Nothing could be further from the truth. Glamorous? Umm, sure, if glamour includes reassuring old Parisian ladies (pas l’inquiet!) that our Greek rescue dog (Molie) is not going to gobble up (Elle est gentil!) their miniature schnauzers while I’m down on my knees on a Parisian sidewalk picking up a steaming, stinking pile of the mutt’s copious poop while the other dog tugs erratically on the leash in an attempt to escape a killer awning.
Killer awning? Yes. See, the Bulgarian stray (Lada) has le grande peur of boats, umbrellas, awnings, street signs, and just about everything else except for cars and buses, which she darts out in front of in order to escape all those other things she is afraid of. I suppose she may be picking up on my anxieties when it comes to trying to speak French or properly pronouncing “croissant” or really interacting with any human beings in any big city, especially one where the folks who work the garbage trucks are ten times more faconnable than I ever could be.
Every morning we head out at 7 a.m., in the dark, to take the dogs on a run-walk to the park nearby, dodging various obstacles along the way. Then we come home, Wendy goes to work at her school, and I go to work
in our 330-square-foot apartment that is in a sort of brick, sunless hole: I occasionally can see the sun shining tantalizingly on the apartments above us, but it never reaches our windows.
Mornings are a frantic scurry to get my High Country News and Land Desk work done before 1 p.m., when I begin the two-hour frenzy to gather and compile Western energy items for the Energy News Network’s daily newsletter. Did I say I drink coffee? I do. Black tea, also. And sometimes dark chocolate.
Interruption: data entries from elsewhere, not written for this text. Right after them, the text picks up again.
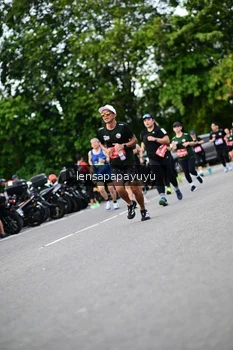 Runner Photo 4134495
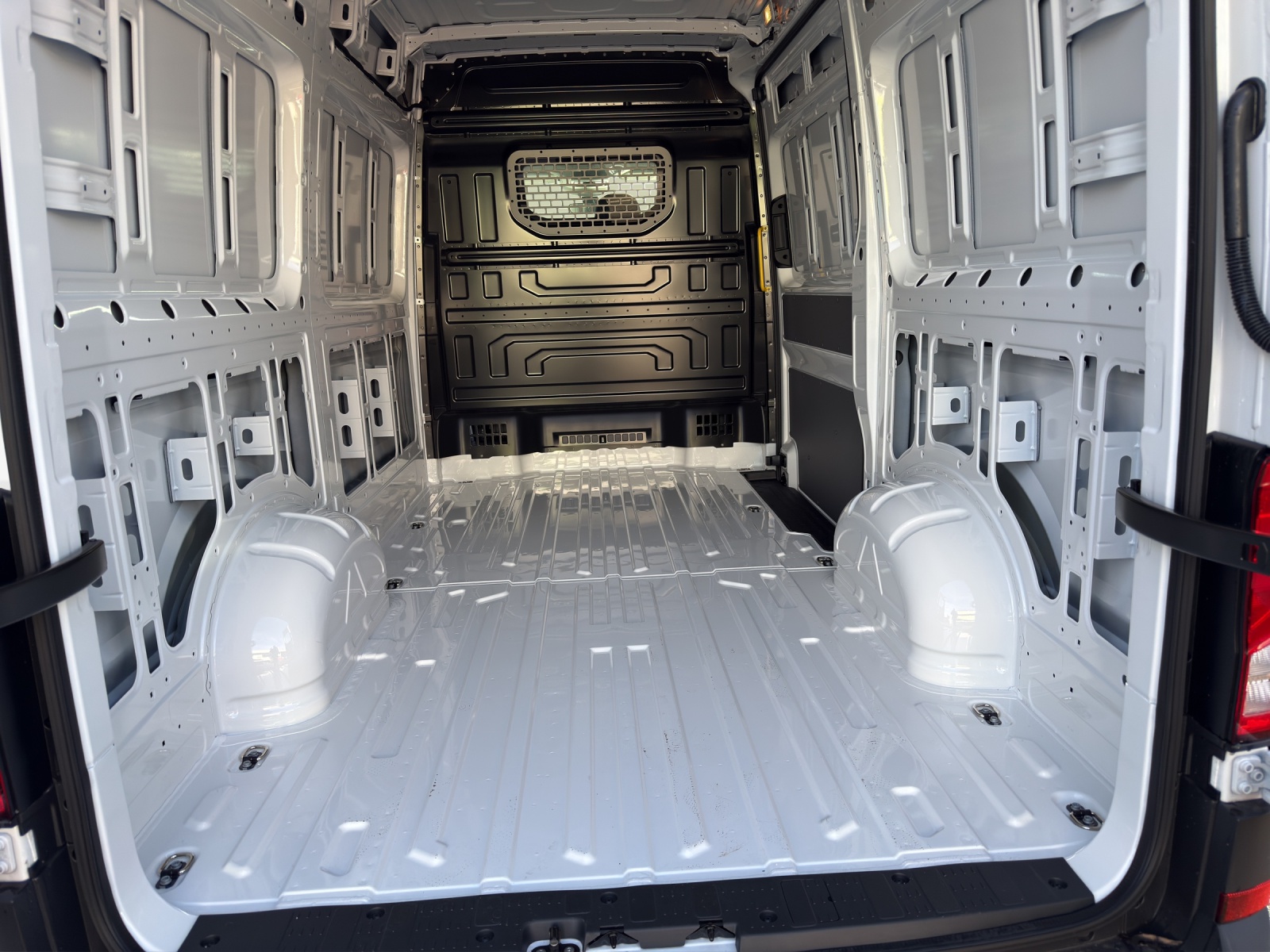 VW Crafter 35 2.0 BiTDI Entry L3 A-image-11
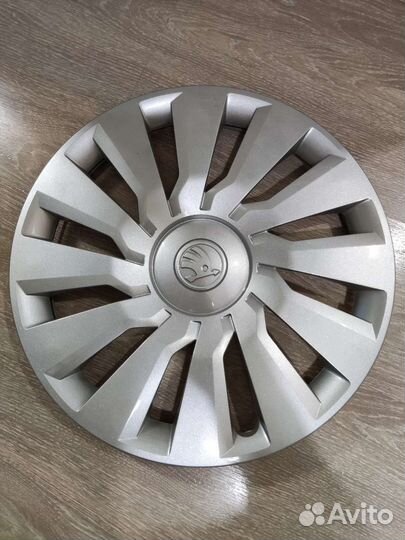Колпак skoda r15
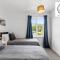 3 Bedroom House with Parking & Garden By Cherry Inn Short Lets & Serviced Accommodation Cambridge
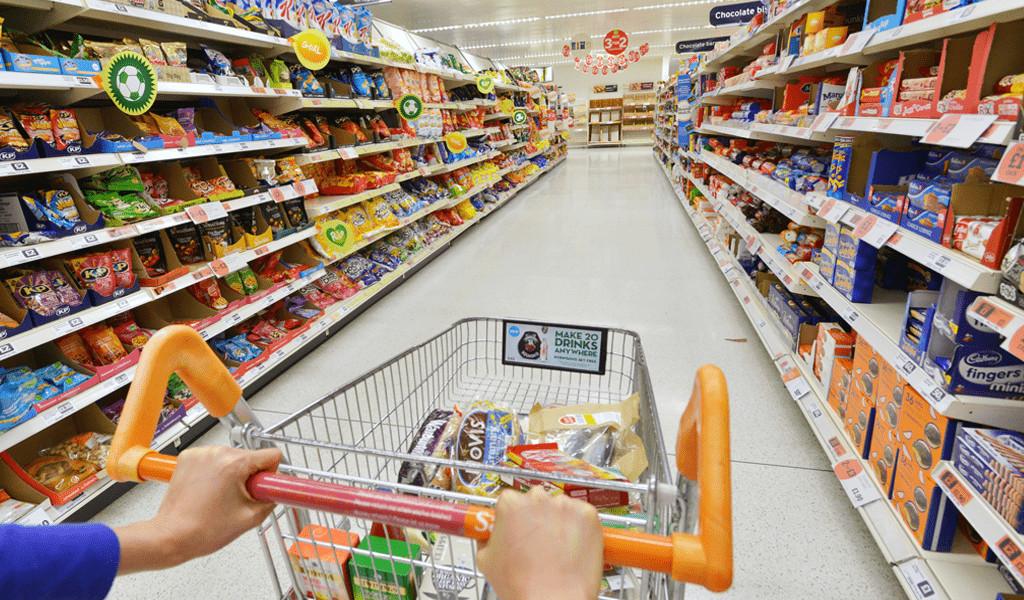 ΙΕΛΚΑ: Πτώση τιμών σε φρούτα και καθαριστικά – Άνοδος σε σοκολάτες και κρέατα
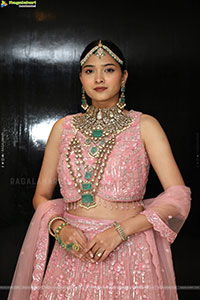 Sanjana Jooluri Poses with Traditional Jewellery, HD Gallery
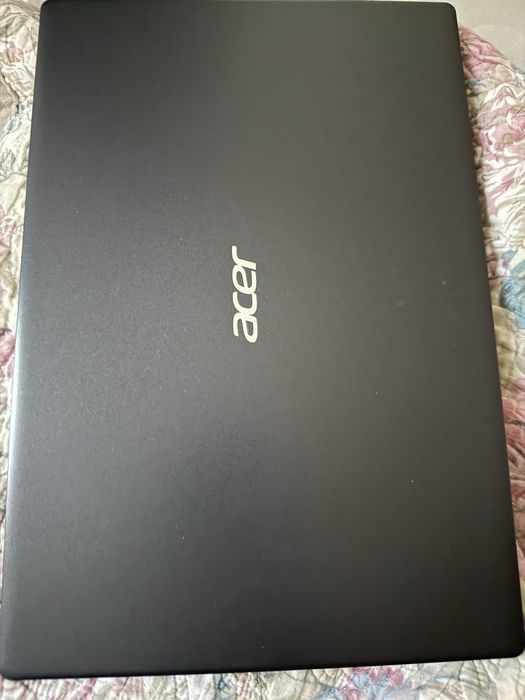 Продам ноутбук Acer 15.6 диагональ процессор intel core i7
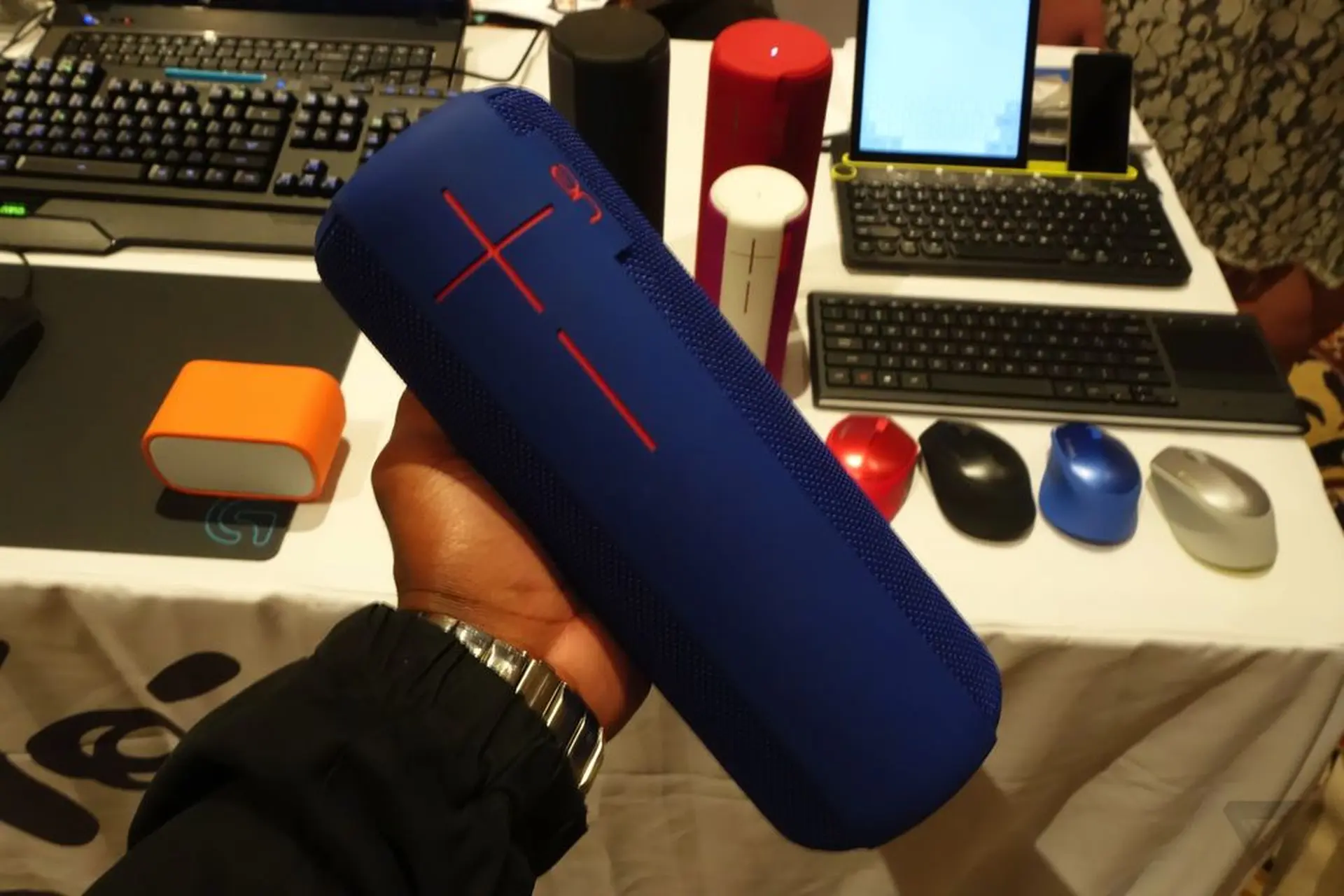 Loa Bluetooth di động “Xóa nhòa khoảng cách”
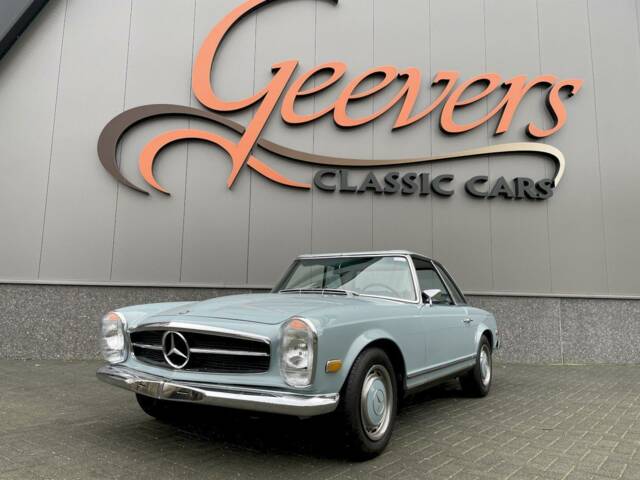 Image 1/36 of Mercedes-Benz 280 SL (1969)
Wendy comes home around 5 p.m., which is my signal to end my workday, or at least pause, so we can take the dogs out again. What should be a leisurely stroll is fraught with peril, from haughty, well-dressed people who turn up their noses at our street dogs, to well-dressed people who turn up their noses at my style, to well-dressed people who just, well, turn up their noses. And then there are the metal construction grates along the sidewalks on one of the streets we go down. Lada’s terrified of them, meaning Wendy has to walk her in the street, itself. Lada likes to poop in the middle of this particular street. It’s also a busy street, car-wise, which often means Wendy has to clean up the poop then dive out of the way to avoid getting creamed by a bus.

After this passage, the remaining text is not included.